2005.12.30 | author: | MASTER GRADE | 開発計画
MG 1/100 MSZ-006 Zガンダム Ver.2.0MG 1/100 MSZ-006 Zガンダム Ver.2.0

反地球連邦組織・エゥーゴの依頼のもと、アナハイム・エレクトロニクスで開発された可変モビルスーツ。「Z計画」に基づく機体で、ティターンズより奪取したガンダムMk-IIのムーバブルフレームの設計を元に、リック・ディアスで培った技術、カミーユ・ビダンによるプロットも加え完成したこの機体は、機体標準装備のみで初の大気圏再突入を可能とした画期的な機体である。また、サイコミュデバイスの一種である”バイオセンサー”を採用するなど、革新的な面も数多く見られ、当時としてはまさに次世代機(第3世代MS)の名に恥じない仕上がりとなった。
しかし、高コスト、複雑な変形システム等からくる整備性の悪さ、高出力にともなうピーキーな操縦性と、そのままではとてもではないが量産に向かない機体であったのも確かである。武装には、斬撃も可能な高出力ロングビームライフルを標準装備としているが、オプション兵装として、専用のハイメガランチャーがあり、当時のMSとしてはかなり強力な火力を持たされている。
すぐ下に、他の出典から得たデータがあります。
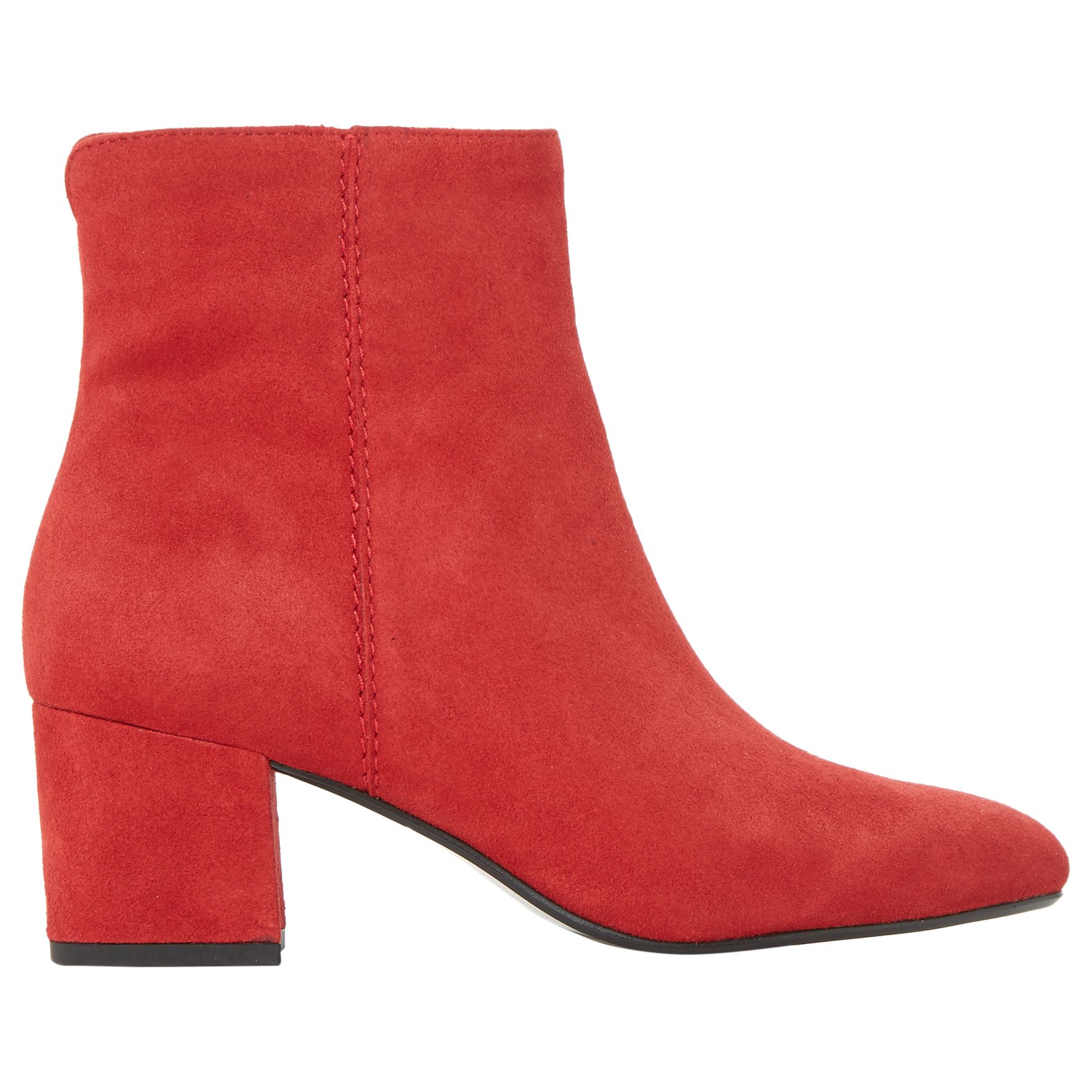 Dune Olyvea Block Heeled Ankle Boots, Red Suede, 5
ここ数年で劇場版も公開され再燃した「機動戦士Zガンダム」から主役機Zガンダムです。変形するガンダムとしては最初の機体ですが、あまりにも複雑すぎる変形システムは、キット化するにあたり多くの問題を抱えていました。変形をしてもプロポーションにかなりの問題があったり、プロポーション重視のためにあえて一部組み換えを取り入れたりと、試行錯誤が繰り返されてきました。かつてMG化した際も完全変形とプロポーションの両立はしたもののひどい強度不足に悩まされました。その後PGとなり全ての問題をクリアーしましたが、数年の時を経てVer.2.0としてMGにおいても3つの課題をクリアーしつつ、さらに可動性という要素においても満足のいくキットに仕上がりました。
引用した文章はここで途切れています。